In 2018, Samsung released the PM981 SSD based loosely on the 970 EVO, for system builders. The SM961, based on the older 960 Pro, fell out of favor due to its high cost, older 48-layer V-NAND technology, and slightly higher power consumption.

When I first tested the 1TB SM961 in July 2016, the drive cost north of $500. The same drive today sells for just $169.99 from MyDigital Discount. MyDigital also has the 256GB SM961 in stock on Amazon for just $46.99. All SSD prices have dropped since 2017, but you simply can't find a cheaper MLC SSD today.

Low-cost SM961 NVMe SSDs would be enough for a daily news post, but this is a review of two pieces coming together to make a storage system.

The second portion of the review comes from Intel's VROC or Virtual RAID On-Chip technology. The SM961 is one of the few non-Intel branded SSDs on the official support list. The list consists of nineteen Intel NVMe SSDs (four being Optane-based), and twelve non-Intel SSDs with six from Samsung. Intel and Samsung SSDs appear, at the time of writing, to be the only vendors with modern models recently added.

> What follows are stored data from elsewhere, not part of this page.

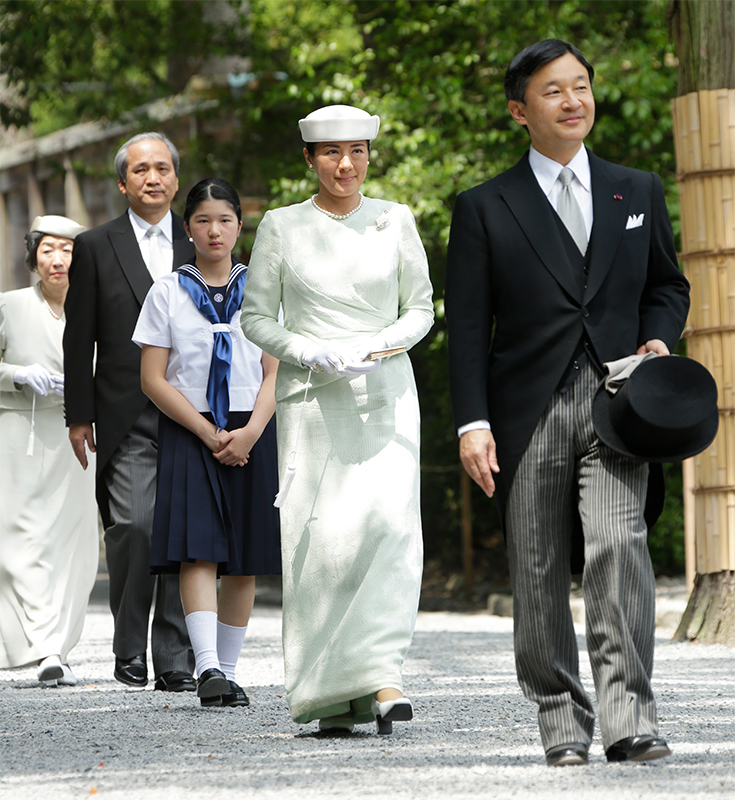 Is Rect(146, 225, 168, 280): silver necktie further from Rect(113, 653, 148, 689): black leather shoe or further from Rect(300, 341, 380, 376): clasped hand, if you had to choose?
Rect(300, 341, 380, 376): clasped hand

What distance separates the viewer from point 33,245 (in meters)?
6.95

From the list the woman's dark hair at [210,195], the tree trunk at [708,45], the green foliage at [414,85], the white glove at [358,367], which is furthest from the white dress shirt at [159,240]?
the green foliage at [414,85]

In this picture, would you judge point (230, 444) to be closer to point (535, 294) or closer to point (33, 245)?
point (535, 294)

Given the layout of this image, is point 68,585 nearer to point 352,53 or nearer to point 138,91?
point 352,53

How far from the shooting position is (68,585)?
676cm

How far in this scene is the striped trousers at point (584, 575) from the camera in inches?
144

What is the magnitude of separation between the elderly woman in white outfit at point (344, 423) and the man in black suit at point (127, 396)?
1.39m

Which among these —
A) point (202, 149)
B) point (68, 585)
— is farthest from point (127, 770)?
point (202, 149)

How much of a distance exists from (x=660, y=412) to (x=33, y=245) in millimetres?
4169

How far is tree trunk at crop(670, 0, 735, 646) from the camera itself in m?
7.77

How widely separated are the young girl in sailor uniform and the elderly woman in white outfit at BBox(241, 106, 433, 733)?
0.71 m

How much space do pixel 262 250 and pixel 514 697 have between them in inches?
81.7

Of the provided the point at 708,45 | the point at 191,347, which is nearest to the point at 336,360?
the point at 191,347

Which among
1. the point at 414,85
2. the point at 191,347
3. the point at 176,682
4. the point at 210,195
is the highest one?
the point at 414,85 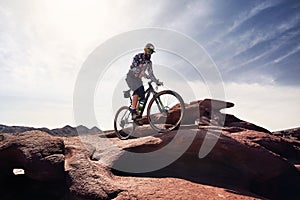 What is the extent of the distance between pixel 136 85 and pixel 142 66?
91 centimetres

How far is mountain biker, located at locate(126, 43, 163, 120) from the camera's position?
9.18 meters

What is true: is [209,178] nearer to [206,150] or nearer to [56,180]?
[206,150]

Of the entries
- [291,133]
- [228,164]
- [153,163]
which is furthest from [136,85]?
[291,133]

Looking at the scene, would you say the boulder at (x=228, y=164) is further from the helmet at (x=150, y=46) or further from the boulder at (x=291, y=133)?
the boulder at (x=291, y=133)

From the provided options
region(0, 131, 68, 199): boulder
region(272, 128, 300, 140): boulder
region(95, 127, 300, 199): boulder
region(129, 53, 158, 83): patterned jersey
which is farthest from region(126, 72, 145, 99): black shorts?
region(272, 128, 300, 140): boulder

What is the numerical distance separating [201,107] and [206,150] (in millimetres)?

Samsung's consumer-branded drives, like the 950, 960, and 970 Series lack support in VROC, only the OEM drives from Samsung SSI, 951, 961, and 983 (note the current Samsung PM981 is not supported). Support for newer products from other vendors is lacking. For instance, the Toshiba XG3 is a supported model but not the newer XG5 or XG6. The Micron 9100 and 9200 Series show support but not the new 9300 Series.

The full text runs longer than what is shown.